In our study area, Montagu's Harriers use sclerophyllous Mediterranean shrublands for nesting, which explains the overall preference for sclerophyllous vegetation during the breeding season (Table 2). These breeding areas are surrounded by, and interspersed with, dry crops (mainly olive and almond plantations), with a lesser coverage of cereals (Limiñana et al. 2006a, 2006b). Spanish Montagu's Harriers have a diet based on Orthoptera (e.g.

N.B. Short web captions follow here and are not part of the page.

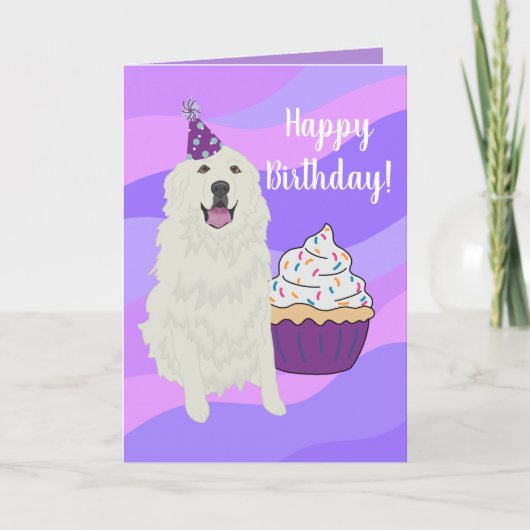Birthday Great Pyreneeën Mountain Dog Kaart (Voorkant)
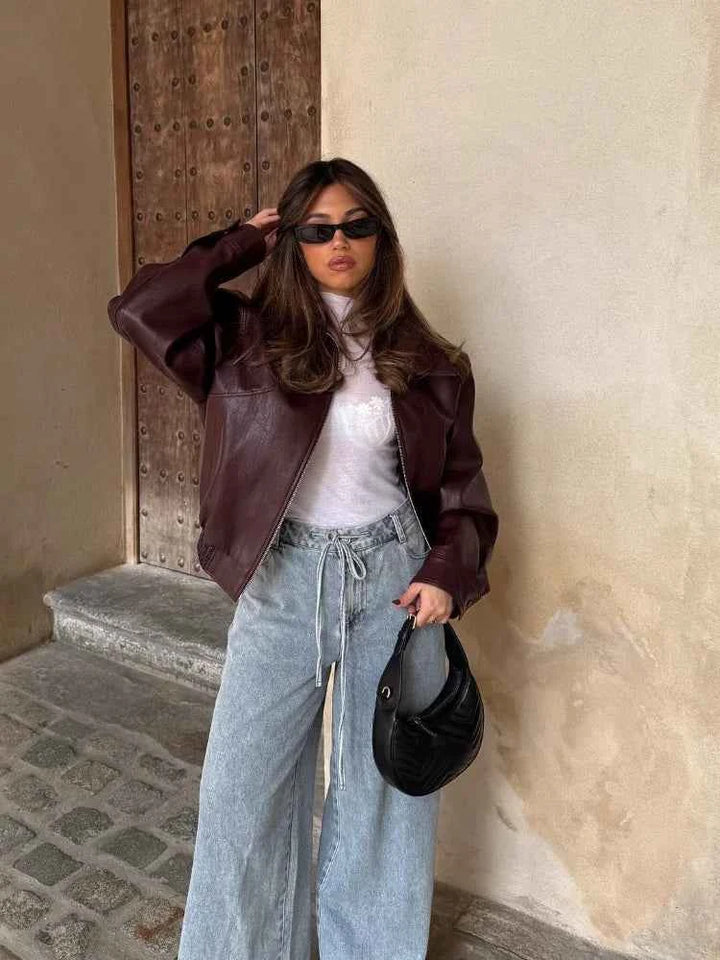 Women's Oversized Leather Jacket - Waist Length - Zip Closure - Long Sleeves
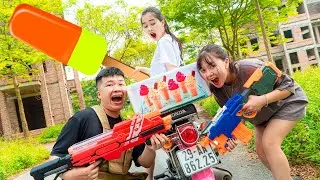 NERF GUNS ROBBER ICE CREAM CONTAINER BATTLE | Pretty Girl Nerf War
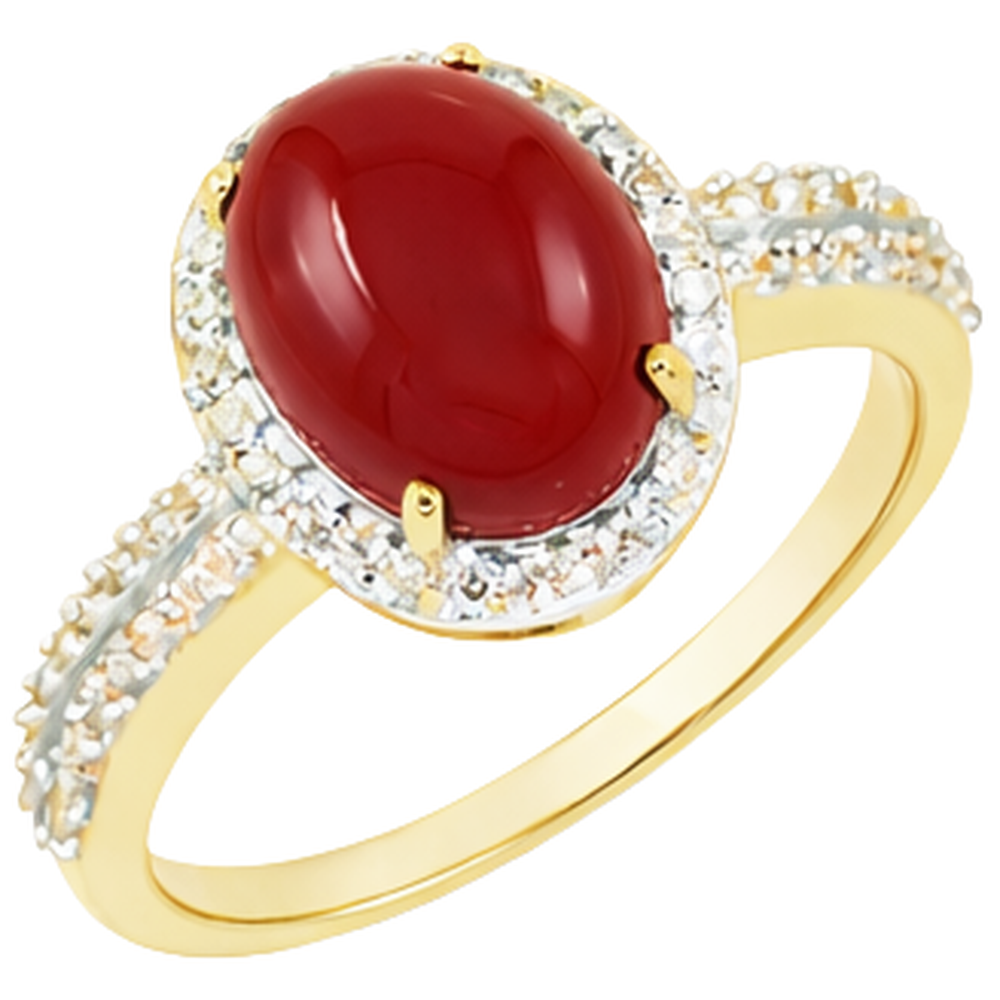 Wedding Ring 10.25 Ct Oval Coral And Round Natural Earth Mined Diamond ( Not Lab Grown )s Gold Yellow 14K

Corbacho et al. 1995; Limiñana pers. obs.), and therefore prefer hunting in open cultivations where prey availability and prey access are high (Martinez 1994, Martinez et al. 1999, Moreira 1999, Clere & Bretagnolle 2001).

The areas used by harriers during the premigratory stage were located at higher altitudes than the breeding areas, and were characterized by the presence of shrublands and extensive cultivation areas, mainly cereals like Wheat Triticum spp., Barley Hordeum vulgare, Oats Avena spp., Rye Secale cereale, and leguminoseae species like Alfalfa Medicago sativa. These areas are maintained by a traditional pattern of crop rotation, resulting in higher availability of Orthoptera than in lowland breeding areas (Bonnet et al. 1997), accounting for the presence of Montagu's Harriers after breeding. Furthermore, right after harvesting the abundance and availability of arthropods reach a peak in this type of habitat (Tella et al. 1998, Ursúa et al. 2005, Franco & Sutherland 2004), contrasting with lowland breeding areas where food peaks occur in May–June (time of hatching).

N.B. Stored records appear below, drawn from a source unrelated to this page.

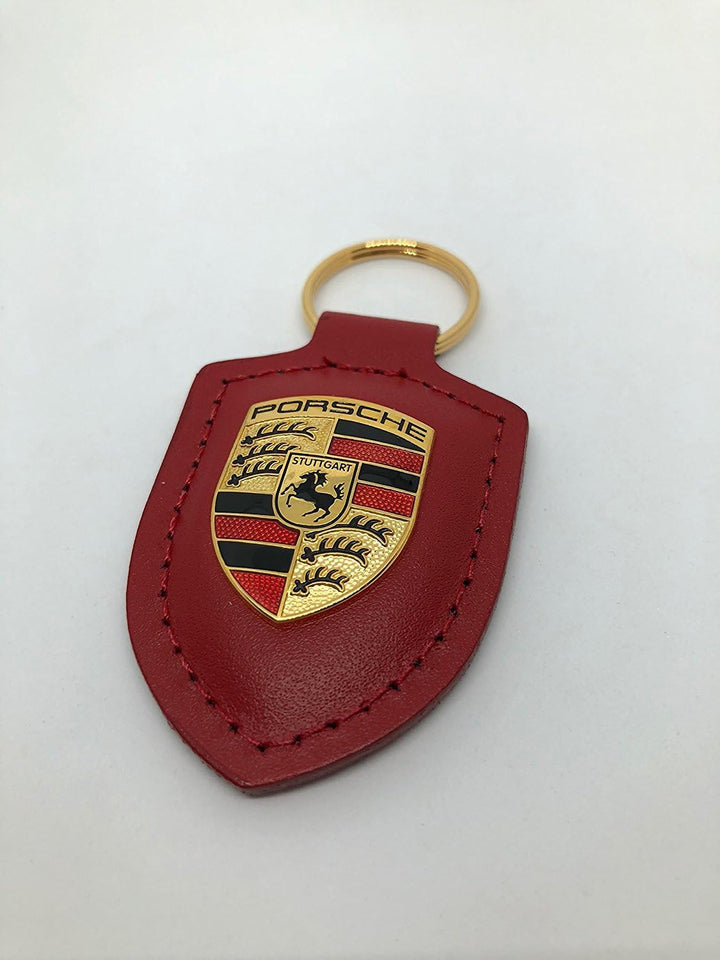 ORIGINAL Porsche Schlüsselanhänger ROT Leder mit Wappen WAP0500920E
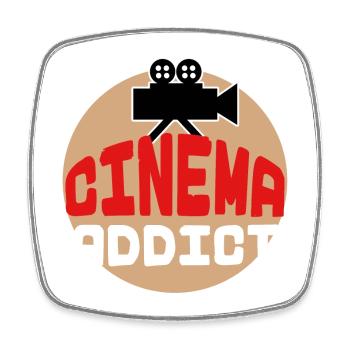Cinématographie, Déclaration, Films, Théâtre, Série de soirées cinéma - Magnet carré - blanc - Devant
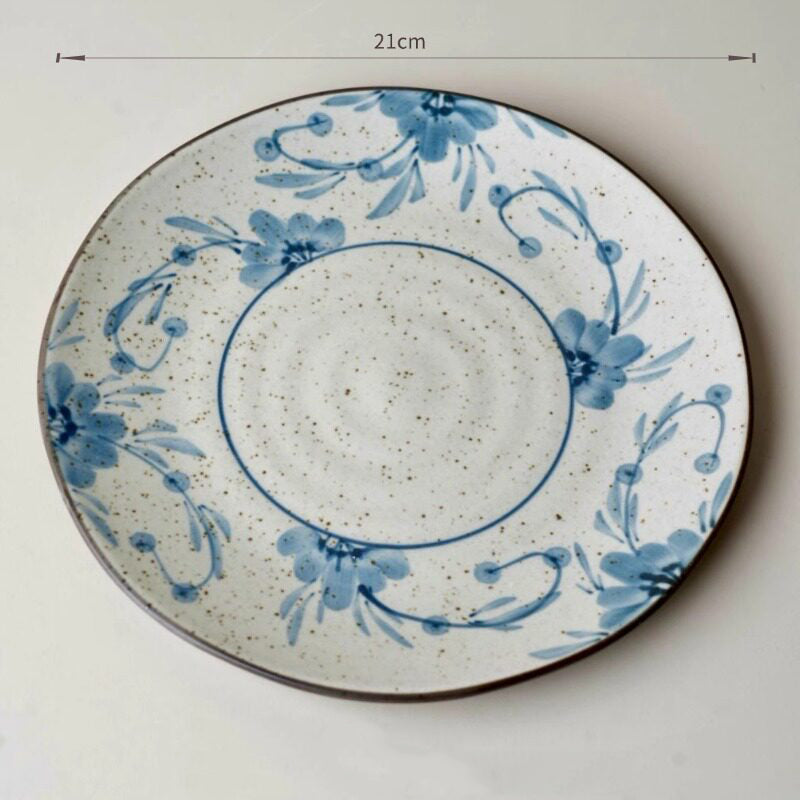 Handcrafted Hand-Painted Breakfast Plate in Blue and White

The areas used by Montagu's Hariers prior to migration are shared with other steppe-inhabiting birds like Dupont's Lark Chersophilus duponti, Little Bustard Tetrax tetrax, Great Bustard Otis tarda, Black-bellied Sandgrouse Pterocles orientalis, Pin-tailed Sandgrouse Pterocles alchata and other endangered species like Lesser Kestrel Falco naumanni (Marti & Del Moral 2003, Garcia et al. 2006), which highlights the conservation importance of these habitats. In fact, the European Union subsidizes traditional cultivation practices in these areas to safeguard steppe habitats for birds (e.g. Garcia et al. 2006).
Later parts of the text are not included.